One solution is the long-term development of generic hardware platforms that can be "refreshed" periodically with software, reconfigurable soft IP or FPGAs to provide incremental improvements. This approach reduces engineering costs and allows for rapid reaction to changing market requirements.

Progressives see a path ahead to produce greater convergence between traditionally separate segments, joining the nonoverlapping universes of embedded systems design and EDA. The reconfigurable camp focuses on software to drive its processor platforms as efficiently as possible and is a big user of embedded software development tools. The traditional hardware design flow adherents continually seek new EDA tools to streamline the design process. Linking these disparate specializations enables a new level of software/hardware interaction that might just enable significant SOC advancements.

As long as the current trends of increasing IC densities and the issues with full system verification hold, it is without question that something has to give. New trends such as IP reuse and embedded software and firmware drive system verification problems to a new level of complexity. Bridges must be set up between hardware and software design teams for upstream verification, and these have to be based on alliances between EDA and embedded solution companies.

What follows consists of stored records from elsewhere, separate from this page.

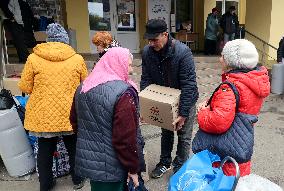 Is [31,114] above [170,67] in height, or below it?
below

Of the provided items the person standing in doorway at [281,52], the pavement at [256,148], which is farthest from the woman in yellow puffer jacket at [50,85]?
the person standing in doorway at [281,52]

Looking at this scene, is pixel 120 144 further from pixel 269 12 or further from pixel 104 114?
pixel 269 12

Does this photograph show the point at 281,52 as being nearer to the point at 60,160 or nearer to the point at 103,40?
the point at 103,40

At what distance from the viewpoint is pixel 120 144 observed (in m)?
2.27

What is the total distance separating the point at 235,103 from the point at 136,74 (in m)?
4.92

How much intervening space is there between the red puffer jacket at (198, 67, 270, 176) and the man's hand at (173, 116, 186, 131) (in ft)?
3.33

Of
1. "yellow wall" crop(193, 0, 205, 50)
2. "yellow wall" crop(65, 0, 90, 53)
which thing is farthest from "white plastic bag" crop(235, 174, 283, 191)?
"yellow wall" crop(193, 0, 205, 50)

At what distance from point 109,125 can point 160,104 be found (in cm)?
108

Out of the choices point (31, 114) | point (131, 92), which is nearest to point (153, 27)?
point (131, 92)

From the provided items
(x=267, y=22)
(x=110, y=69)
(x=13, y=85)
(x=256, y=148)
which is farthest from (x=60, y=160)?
(x=267, y=22)

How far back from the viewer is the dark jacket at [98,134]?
2262mm

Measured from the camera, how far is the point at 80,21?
955 centimetres

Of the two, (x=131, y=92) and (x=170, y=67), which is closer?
(x=131, y=92)

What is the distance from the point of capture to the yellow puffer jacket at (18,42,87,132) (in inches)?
128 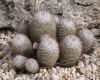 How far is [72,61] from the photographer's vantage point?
14.0 ft

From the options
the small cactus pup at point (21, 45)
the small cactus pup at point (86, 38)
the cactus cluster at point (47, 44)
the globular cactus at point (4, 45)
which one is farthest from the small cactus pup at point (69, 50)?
the globular cactus at point (4, 45)

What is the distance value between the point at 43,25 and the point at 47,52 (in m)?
0.40

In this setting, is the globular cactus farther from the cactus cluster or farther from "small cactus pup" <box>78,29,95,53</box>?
"small cactus pup" <box>78,29,95,53</box>

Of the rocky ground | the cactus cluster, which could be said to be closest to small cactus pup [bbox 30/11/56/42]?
the cactus cluster

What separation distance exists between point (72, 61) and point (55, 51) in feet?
1.20

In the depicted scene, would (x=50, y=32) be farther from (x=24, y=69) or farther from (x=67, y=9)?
(x=67, y=9)

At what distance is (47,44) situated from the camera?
398 cm

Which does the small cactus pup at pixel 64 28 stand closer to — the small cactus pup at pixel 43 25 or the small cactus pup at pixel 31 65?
the small cactus pup at pixel 43 25

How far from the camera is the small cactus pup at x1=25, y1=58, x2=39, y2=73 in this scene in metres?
3.93

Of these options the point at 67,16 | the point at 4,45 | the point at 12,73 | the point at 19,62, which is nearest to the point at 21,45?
the point at 19,62

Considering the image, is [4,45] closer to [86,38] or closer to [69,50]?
[69,50]

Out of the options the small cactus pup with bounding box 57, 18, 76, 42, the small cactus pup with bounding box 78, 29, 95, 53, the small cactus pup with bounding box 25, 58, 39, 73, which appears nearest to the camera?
the small cactus pup with bounding box 25, 58, 39, 73

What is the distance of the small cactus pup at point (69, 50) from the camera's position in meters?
4.13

No standards exist for these bridges today, but it's pretty easy to guess what they should look like. They should resemble current tools and methodologies but be extended to allow usage by the other groups. For example, a hardware description language (HDL) simulator that can he driven transparently from within a software environment would allow software engineers to include semiconstructed hardware platforms within the software code. This provides a basis for concurrency in the design process, with both software and hardware engineers using the same code and models.

Even better, design languages that allow hardware and software to be specified together at a high level and then converted into both hardware and software models will go a long way toward creating a common environment. They will add a bond between software and hardware engineering teams.

To foster this type of close cooperation, Co-Design Automation has been working with notable industry standards organizations to advance state-of-the-art HDLs such as our own Superlog.

This language exemplifies the type of "bridge" HDL that is needed by all parties to incorporate the needs of design, verification and software engineers. Based on Verilog, Superlog ties the worlds of software and hardware design together by leveraging advanced language constructs and by enabling transparent connections between the varied platform domains. It also brings together a wealth of verification and system features to unify the entire SOC design flow.

The techniques to further the advancement of IC design will require new relationships between currently divergent groups and their vendors, but it's an essential task to undertake. In order to, in the words of Mr. Spock, "live long and prosper," EDA and embedded solution companies, along with their customers, must find ways to work together through industry-standard approaches to ensure interoperability and robust tool development.

Dave Kelf is the VP of marketing at Co-Design Automation Inc. in Los Altos, Calif.